The proposal, he maintains, has the virtue of simply assuring that, while the Court is an important voice, it is not the last word on
constitutional questions. Why the existing democratic process of formal constitutional amendment is insufficient for Perry's needs,
however, is not clear. Still, such a proposal -- leaving aside its predetermined doom -- is a serious and thoughtful one and thus
worth sincere discussion.
Stylistically, the book does, from time to time, leave something to be desired. Indeed, in some passages Professor Perry presents
his argument in nearly impenetrable prose. At one point in his discussion of equal protection, for instance, he notes, "That there is
room for reasonable disagreement about the precise shape or contours of the bases section 1 [of the Fourteenth Amendment] was
meant to prohibit does not mean that it is plausible to believe that the folks who gave us the Fourteenth Amendment meant section
1 to forbid the singling out of any group for worse treatment on certain prohibited bases except for the singling out of nonwhites or
whites for worse treatment, which was meant to be prohibited whether or not the singling out was on any prohibited basis" (p.

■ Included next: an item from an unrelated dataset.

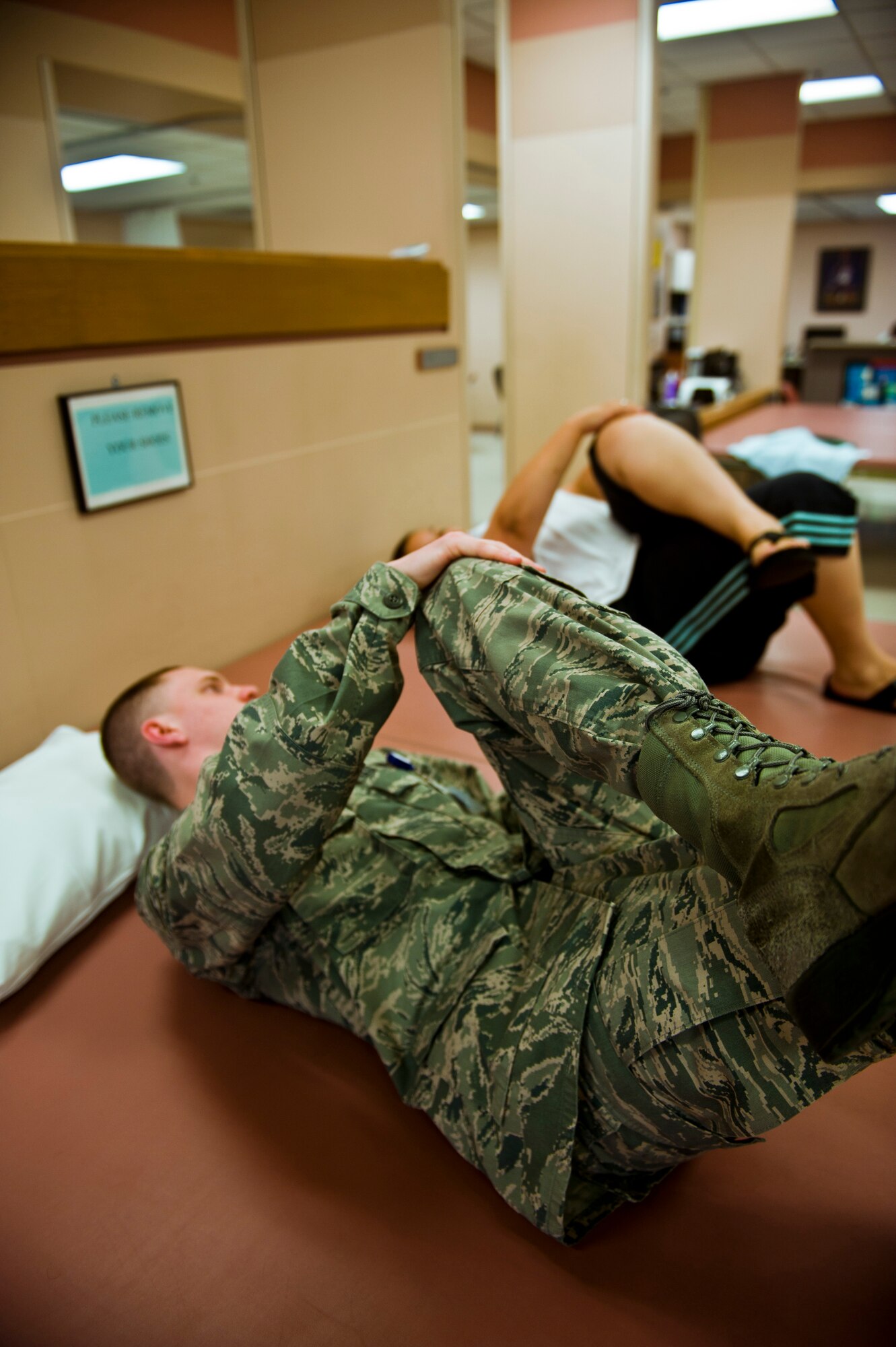 Senior Airman William Haus, 99th Medical Squadron Physical Therapy technician, demonstrates the proper technique of a stretch during a physical therapy session March 23, 2012 at Nellis Air Force Base, Nev. Physical Therapy technicians work to rehabilitate patients to ensure patients return to work quickly and safely. (U.S. Air Force photo by Senior Airman Jack Sanders)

157). Cryptography, I must confess, is not among my limited intellectual abilities; nor, I suspect, is it likely to be found in abundant
supply among more able readers. Quite apart from that, the book also contains an alarming number of typographical errors, not the
least of which is almost an entire page of footnotes (p. 262) which, so far as I can tell, reference nothing in the body of the text.

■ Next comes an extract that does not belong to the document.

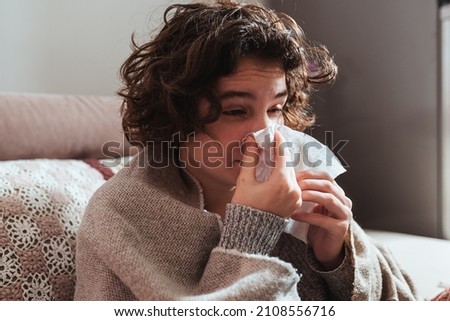 Attractive young woman with curly brown hair, wrapped in warm blanket, sits on comfortable sofa at home, blowing her nose in disposable tissue. Allergy to dust, animal dander, cold, or viral infection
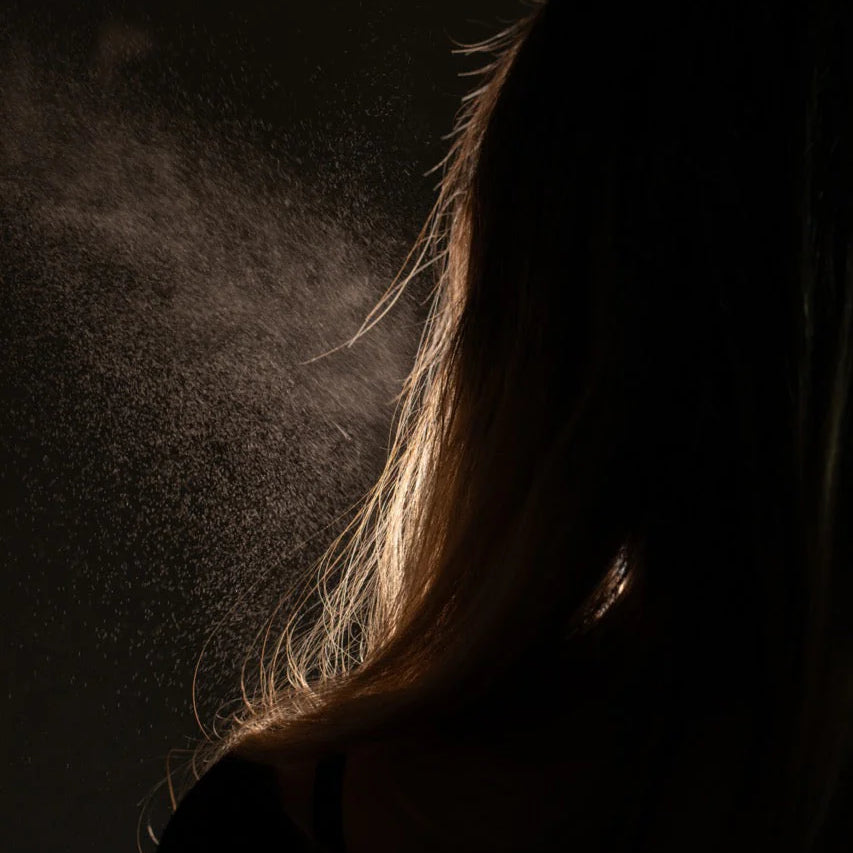 Oway Phytoprotein Mist, a leave-in treatment, is sprayed on the back of fragile, stressed hair, with visible droplets highlighted against a dark backdrop to showcase its plant-based protein strength.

I have no doubt that this book will enjoy a justifiably wide readership. Whether or not one is persuaded by Perry's analysis, the
argument which the book offers certainly demonstrates the need for us to reevaluate our thinking about what it means to bring an
original understanding to the Constitution. THE CONSTITUTION IN THE COURTS is a sober and stimulating invitation to
consider originalism in much broader and more complex terms.

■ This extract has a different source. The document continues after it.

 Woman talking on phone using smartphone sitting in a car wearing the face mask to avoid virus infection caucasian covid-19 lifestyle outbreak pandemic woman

REFERENCES: Robert H. Bork. 1990. THE TEMPTING OF AMERICA: THE POLITICAL SEDUCTION OF THE LAW.
New York: The Free Press.
Lee Epstein, Jeffrey A. Segal, Harold J. Spaeth, and Thomas G. Walker. 1993. THE SUPREME COURT COMPENDIUM:
DATA, DECISIONS, AND DEVELOPMENTS. Washington: CQ Press.
John R. Hibbing. 1993. "Careerism in Congress: For Better of for Worse?" In Lawrence C. Dodd and Bruce I. Oppenheimer.
CONGRESS RECONSIDERED. Washington: CQ Press.